Palestinian PM denies Israeli barrier cement claim

Palestinian Prime Minister Ahmed Qureia today rejected claims made on Israeli television that a cement company owned by his family provided concrete for Israeli settlements and the Israeli West Bank barrier.

Palestinian PM denies Israeli barrier cement claim

Palestinian Prime Minister Ahmed Qureia today rejected claims made on Israeli television that a cement company owned by his family provided concrete for Israeli settlements and the Israeli West Bank barrier.

“I invite you and I invite the people who said this to come and check on the ground,” Qureia said in Rome.

“This report is not even worth the ink it was written with.”

Qureia is one of the most vocal opponents of Jewish settlements and the barrier, and restated his opposition to the barrier after a meeting with Italian Foreign Minister Franco Frattini.
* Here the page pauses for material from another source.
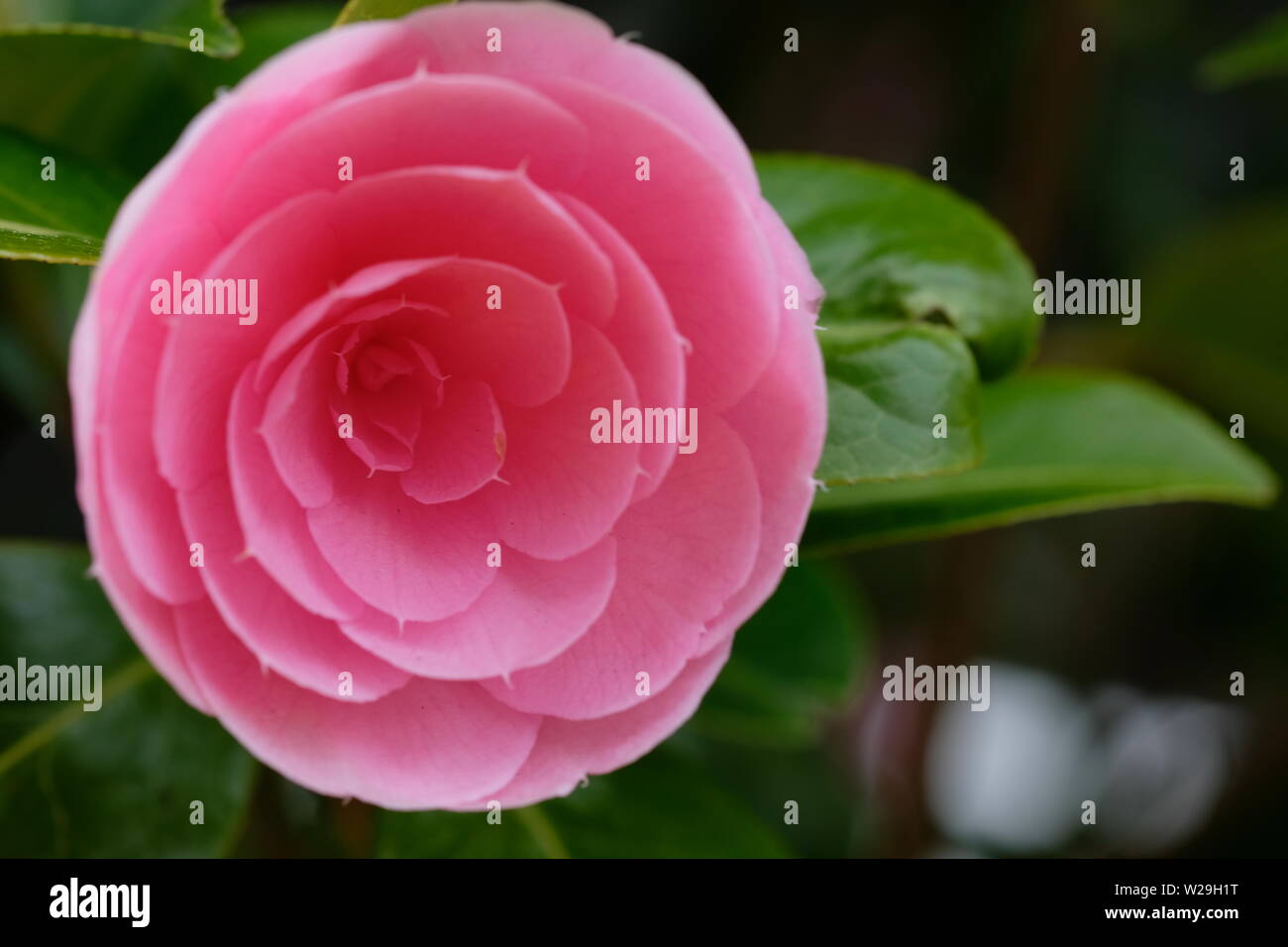 One pink flower and leaves hi-res stock photography and images - Alamy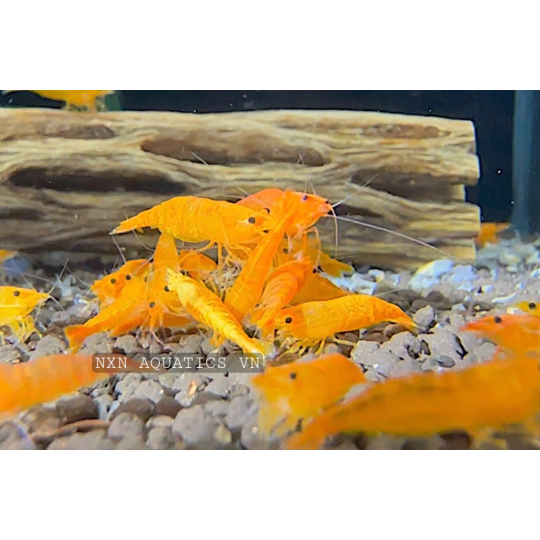 10+ Live Orange Sunkist Freshwater Neocaridina Shrimp – Beginner Friendly, Tropical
Qureia’s comments were his first since Israel’s Channel 10 TV reported yesterday that the Al-Quds Cement Company – owned by Qureia’s family – had been providing the materials to help build the barrier.

The TV report said Qureia was providing the cement to build the concrete slabs right outside his house in Abu Dis, a town near Jerusalem divided by a 25-foot wall.

Television footage also showed cement mixers leaving the Al-Quds company and driving to the Jewish settlement of Maale Adumim, just a few miles away.

On Wednesday, journalists who went to the Al-Quds factory mentioned in the TV report were told by workers that the company belongs to the Qureia family.

But the managers at the factory refused to talk to reporters, and demanded that a TV crew stop filming the factory immediately.

Palestinian media have not been reporting the story and only the few people who have access to the internet are aware of the report.

However, a Palestinian lawmaker said yesterday that a parliamentary committee was investigating whether Palestinian cement companies were providing Israel with material for the controversial barrier.

The lawmaker said there was evidence that a company owned by Qureia’s family was among them.